Curve and our clients are thinking more and more about ways in which we can work sustainably .. in a series of blog posts Laura explores new uses of materials and products which are paving the way for a more eco future!
Cork is a material we have been aware of all our lives but have you ever imagined it being used within interiors beyond the classic cork notice board? As we strive for more sustainable solutions within interior design, designers are experimenting with new and old materials to break the mould of the stereotypical eco-friendly design.
British designer Jasper Morrison exhibited a series of furniture items made from Cork at New York’s Kasmin gallery, pushing the boundaries from his usual industrial style designs. Morrison decided to experiment with cork due to its atmospheric and functional qualities – key design components for a furniture piece with a long-life cycle. He created furniture from book shelves to a fireplace surround.
Cork is harvested from the Cork Oak tree. The outer bark is stripped from the trees without cutting them down. This method allows the plant to continue capturing carbon and as a result makes the material effectively carbon negative. Cork is sound absorbent, fireproof, waterproof and amazingly light, making it the perfect material for furniture.

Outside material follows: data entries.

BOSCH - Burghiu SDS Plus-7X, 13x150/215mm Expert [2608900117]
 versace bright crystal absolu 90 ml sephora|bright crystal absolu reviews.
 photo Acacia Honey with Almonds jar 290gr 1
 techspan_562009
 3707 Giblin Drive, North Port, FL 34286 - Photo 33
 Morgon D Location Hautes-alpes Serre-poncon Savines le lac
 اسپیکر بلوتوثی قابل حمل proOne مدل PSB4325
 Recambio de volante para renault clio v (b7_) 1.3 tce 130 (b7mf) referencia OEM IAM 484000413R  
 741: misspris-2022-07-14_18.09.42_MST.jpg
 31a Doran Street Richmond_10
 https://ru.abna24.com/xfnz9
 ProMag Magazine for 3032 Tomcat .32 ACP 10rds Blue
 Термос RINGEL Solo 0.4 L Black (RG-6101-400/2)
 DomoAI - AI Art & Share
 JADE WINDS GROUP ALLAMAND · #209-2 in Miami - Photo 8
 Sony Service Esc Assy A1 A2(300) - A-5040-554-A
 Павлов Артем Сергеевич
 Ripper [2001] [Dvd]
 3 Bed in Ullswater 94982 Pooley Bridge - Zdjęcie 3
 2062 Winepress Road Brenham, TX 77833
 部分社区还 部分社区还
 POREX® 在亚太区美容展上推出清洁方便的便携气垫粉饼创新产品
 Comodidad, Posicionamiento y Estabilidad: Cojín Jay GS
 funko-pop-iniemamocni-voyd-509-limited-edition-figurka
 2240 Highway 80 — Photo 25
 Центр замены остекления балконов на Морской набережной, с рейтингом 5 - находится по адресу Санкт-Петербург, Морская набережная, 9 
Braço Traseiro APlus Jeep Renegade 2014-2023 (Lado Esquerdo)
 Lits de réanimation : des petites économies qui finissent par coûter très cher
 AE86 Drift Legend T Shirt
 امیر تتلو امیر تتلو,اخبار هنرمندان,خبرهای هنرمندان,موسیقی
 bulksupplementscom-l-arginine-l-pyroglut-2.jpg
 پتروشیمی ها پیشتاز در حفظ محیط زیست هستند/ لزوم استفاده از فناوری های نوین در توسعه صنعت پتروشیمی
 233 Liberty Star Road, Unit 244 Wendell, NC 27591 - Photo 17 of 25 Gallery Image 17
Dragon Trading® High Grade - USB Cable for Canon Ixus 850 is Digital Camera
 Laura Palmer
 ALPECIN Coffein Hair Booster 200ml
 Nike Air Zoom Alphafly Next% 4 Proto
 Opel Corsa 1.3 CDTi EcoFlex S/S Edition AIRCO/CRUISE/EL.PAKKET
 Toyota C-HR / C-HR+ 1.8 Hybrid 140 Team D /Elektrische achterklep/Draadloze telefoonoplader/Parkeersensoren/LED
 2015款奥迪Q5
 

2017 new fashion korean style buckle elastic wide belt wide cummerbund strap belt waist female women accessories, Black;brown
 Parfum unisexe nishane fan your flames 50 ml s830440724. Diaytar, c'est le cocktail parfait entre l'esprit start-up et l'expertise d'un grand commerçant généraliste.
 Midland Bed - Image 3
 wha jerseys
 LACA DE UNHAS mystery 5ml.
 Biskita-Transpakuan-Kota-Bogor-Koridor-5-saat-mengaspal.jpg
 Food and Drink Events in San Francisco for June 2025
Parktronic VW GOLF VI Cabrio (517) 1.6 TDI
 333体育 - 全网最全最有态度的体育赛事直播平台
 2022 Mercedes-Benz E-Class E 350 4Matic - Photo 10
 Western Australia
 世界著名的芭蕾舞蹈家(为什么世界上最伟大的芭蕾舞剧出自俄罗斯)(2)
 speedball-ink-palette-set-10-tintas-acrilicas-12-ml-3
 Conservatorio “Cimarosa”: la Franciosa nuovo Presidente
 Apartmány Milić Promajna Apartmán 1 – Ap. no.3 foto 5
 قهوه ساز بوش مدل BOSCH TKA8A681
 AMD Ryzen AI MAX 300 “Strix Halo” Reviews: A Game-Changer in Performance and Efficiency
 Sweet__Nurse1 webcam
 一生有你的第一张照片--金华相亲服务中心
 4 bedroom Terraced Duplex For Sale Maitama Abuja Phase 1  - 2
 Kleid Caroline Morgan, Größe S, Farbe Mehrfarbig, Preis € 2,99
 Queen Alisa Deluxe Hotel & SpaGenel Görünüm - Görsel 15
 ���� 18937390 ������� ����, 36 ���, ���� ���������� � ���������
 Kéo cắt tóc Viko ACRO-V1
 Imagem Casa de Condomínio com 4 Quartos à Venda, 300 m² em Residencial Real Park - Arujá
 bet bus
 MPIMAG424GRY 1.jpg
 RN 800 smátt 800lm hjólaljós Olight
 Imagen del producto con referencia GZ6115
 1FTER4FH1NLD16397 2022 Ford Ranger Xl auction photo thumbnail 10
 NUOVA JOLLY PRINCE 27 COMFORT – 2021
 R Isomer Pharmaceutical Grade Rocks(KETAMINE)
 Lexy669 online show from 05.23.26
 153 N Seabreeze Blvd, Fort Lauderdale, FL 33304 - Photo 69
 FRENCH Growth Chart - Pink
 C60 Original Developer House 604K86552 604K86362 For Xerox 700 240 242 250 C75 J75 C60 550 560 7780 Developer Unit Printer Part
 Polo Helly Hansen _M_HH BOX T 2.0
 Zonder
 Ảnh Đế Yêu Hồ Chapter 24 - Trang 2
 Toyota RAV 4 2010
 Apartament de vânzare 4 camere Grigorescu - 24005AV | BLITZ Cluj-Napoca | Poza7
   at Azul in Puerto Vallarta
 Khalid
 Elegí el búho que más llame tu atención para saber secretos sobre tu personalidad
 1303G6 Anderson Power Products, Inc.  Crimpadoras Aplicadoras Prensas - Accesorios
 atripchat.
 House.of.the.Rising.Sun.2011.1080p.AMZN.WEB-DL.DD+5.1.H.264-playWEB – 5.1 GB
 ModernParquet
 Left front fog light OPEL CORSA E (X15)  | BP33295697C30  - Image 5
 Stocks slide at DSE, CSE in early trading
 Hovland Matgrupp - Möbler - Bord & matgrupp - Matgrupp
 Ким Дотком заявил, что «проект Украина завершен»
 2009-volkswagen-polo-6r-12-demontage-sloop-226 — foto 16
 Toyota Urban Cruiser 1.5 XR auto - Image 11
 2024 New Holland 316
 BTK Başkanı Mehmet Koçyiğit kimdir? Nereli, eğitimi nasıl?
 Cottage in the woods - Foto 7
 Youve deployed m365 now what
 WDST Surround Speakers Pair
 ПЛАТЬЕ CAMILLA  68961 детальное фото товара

Another acclaimed designer Tom Dixon released a series of furniture made from cork that has been charred to give it a deep brown colour, somewhat disguising its natural appearance and steering away from a Scandinavian aesthetic. For Dixon’s furniture he bound Cork with a small amount of polyurethane resin to increase the durability of the material which was reduced during its charring process. The resin element does not reduce the products ability to be continually recycled and as a result there is no waste in the process.